2. The first camp at US966236 proved fruitless. The Fireforce then proceeded to the second camp at VS013192.
3. On arrival at this camp the target was marked by 24 Sneb rockets from Benecke. Terrs broke out of the camp heading north etc. etc.
The Director of Operations at Air HQ, Group Captain Norman Walsh, expressed his displeasure over Danny’s report in strong terms, particularly as Fireforce pilots seldom criticised the higher proportion of ‘lemons’ generated by Selous Scouts and other callsigns.
Last air actions of 1975
THE CT CARETAKER GROUP AND the assassination group were contacted on 9 and 10 September. The first was when an Army callsign on patrol in a remote area below the escarpment made contact with the Nehanda caretaker group. The Mount Darwin Fireforce led by John Blythe-Wood deployed with three Z-Cars and Cocky Benecke flying a Provost. Working ahead of trackers, Cocky picked up the CTs and the action that followed resulted in the total elimination of this group, with seven CTs dead and five captured wounded.
The Mtoko Fireforce had moved to a temporary base at Mutawatawa on the edge of high ground. For what reason I was visiting Harold Griffiths and his men at Mutawatawa I cannot recall, but the sheer beauty of the surrounding hills and the long valley down which the Zvirungudzi River flowed to the Nyadiri River remains firmly embedded in my memory. I knew the area well from recce, but its beauty could only be appreciated when flying low-level in a helicopter or being on the ground in the tented base.
Griff had recently taken command of 7 Squadron and it was from this base that his Fireforce was scrambled at sunrise on 10 September along with a second Fireforce operating from another temporary bush base, Pfungwe. They were responding to a police patrol that had bumped into the CTs assassin group in their temporary base on the slopes of a heavily wooded hill known as Chipinda.
SAAF Major van Rooyen and all other SAAF members of Op Polo had reverted to Rhodesian Air Force ranks and wore Rhodesian uniforms. So now as Squadron Leader van Rooyen he commanded the Pfungwe Fireforce leading two Z-Cars flown by Flight Lieutenant Kruger and Air Sub-Lieutenant Milbank plus two G-Cars flown by Flight Lieutenant Bill Sykes and Air Lieutenant Jo Syslo.
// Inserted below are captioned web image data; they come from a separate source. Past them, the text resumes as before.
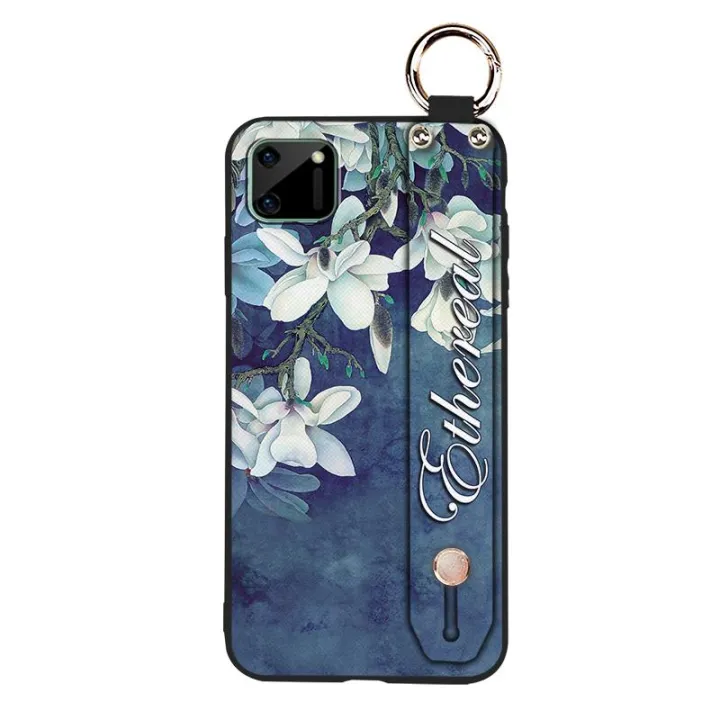 protective%20Fashion%20Design%20Phone%20Case%20For%20OPPO%20Realme%20C11%20Flower%20Wristband%20Shockproof%20Anti-knock%20Kickstand%20Anti-dust%20ring%20-%20Image%205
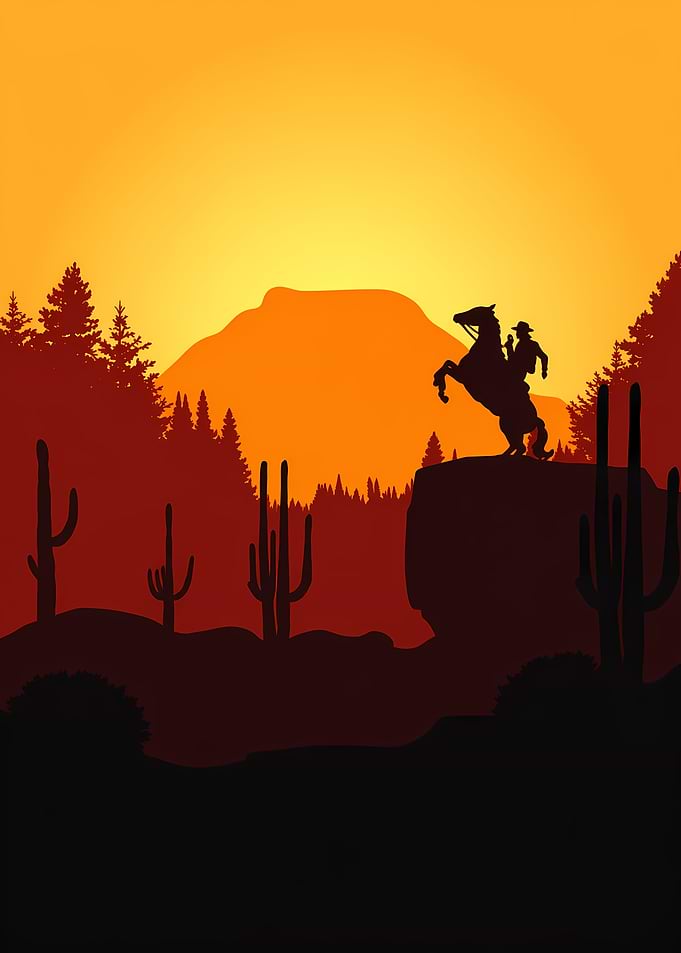 Cowboy on Horseback at Sunset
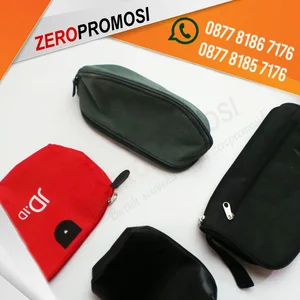 Pouch Custom Logo Tas Kosmetik Dompet Multifungsi Souvenir Branding Perusahaan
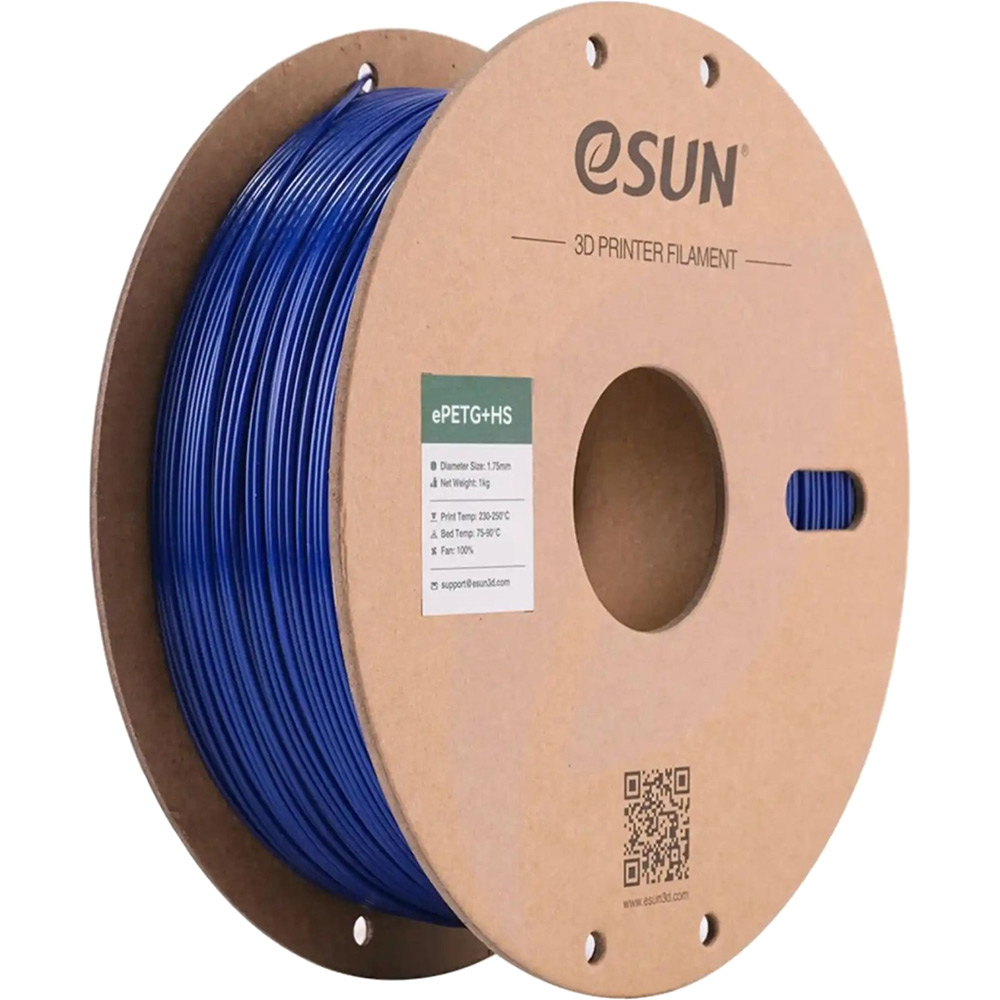 Котушка 3D ESUN ePETG-HS Filament для 3D принтера 1кг, 1.75мм Blue (ePETG+HS-175SU1)(6922572204911) Тип пластика PETG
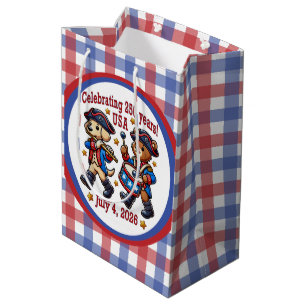 Sacola Para Presentes Média EUA 250º Aniversário de Souvenir - Patriótico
Air Lieutenant Syslo was new to our Air Force, having come in on ‘direct entry’ from the USAAF. He had served in Vietnam, flying as a helicopter pilot in a casualty evacuation unit. This dark-haired man of small build had more ribbons on his chest than the most highly decorated Rhodesian serviceman. He claimed that more ribbons were still to be added to those he wore at a time when most of our pilots wore one measly General Service ribbon. This was a source of much amusement and, for some, outright annoyance.